If we don't understand how we get our ideas, we authors and illustrators don't have control over how successful we are in our everyday work.
"I don't know about you, but that makes me a little bit nervous!" says Deborah, "Imagine an accountant saying, 'Man, I really hope I remember how to do math today.'"
Deborah makes the analogy of how most of us without a PhD don't exactly understanding how our bodies work on a cellular level, but that there are a few best practices even us shlubs know to follow to keep ourselves in good health, like exercising, or not having only gummi bears and mimosas for lunch.
One of Deborah's favorite quotes: "Silence is the door into the temple." -- Mary Oliver
Deborah thinks we should practice Absence of Focus Activity Quiet or Christopher Robin Quiet.
This type of quiet is important because it gives your mind time and space to wander, to come up with new connections, to daydream and solve problems.

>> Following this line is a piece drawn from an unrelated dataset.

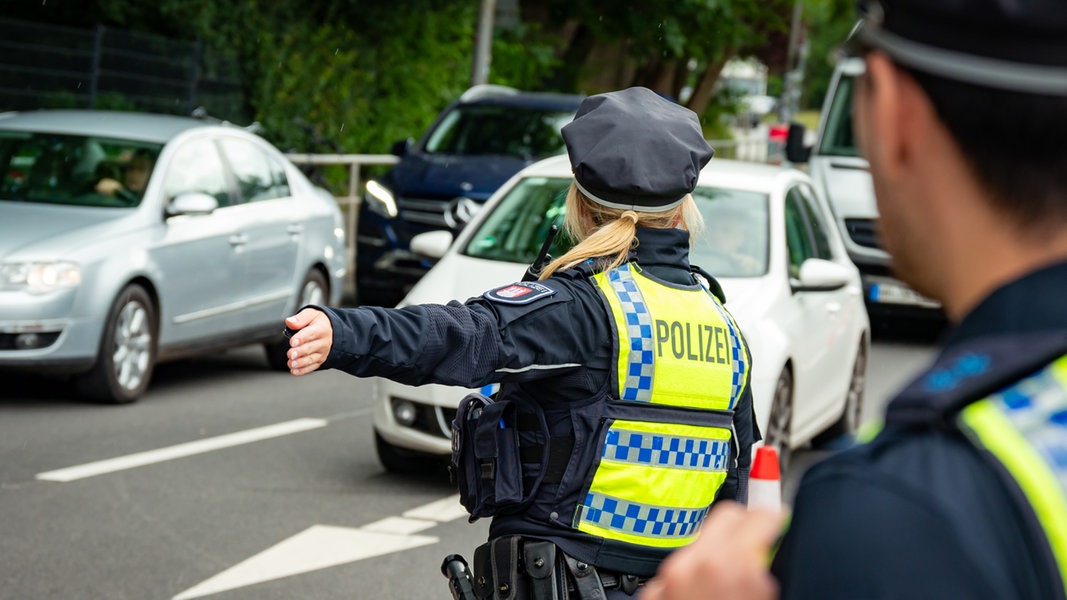 Eine Polizistin weißt Autos nahe dem Volksparkstadion an einer von der Polizei gesperrten Zufahrt den Weg.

People who consistently daydream more score consistently higher on measures of creativity, says Deborah, and that the space and quiet that idleness provides is paradoxically necessary to get any work done.
Deborah gives us some ideas on building more quiet into our lives—attending boring events, arriving extra early to appointments and leaving all of your electronic device elsewhere, buying a stupidphone instead of a smartphone, and installing Freedom on your computer.
"We don't owe it to ourselves to make time for quiet, we owe it to the kids that will read our books."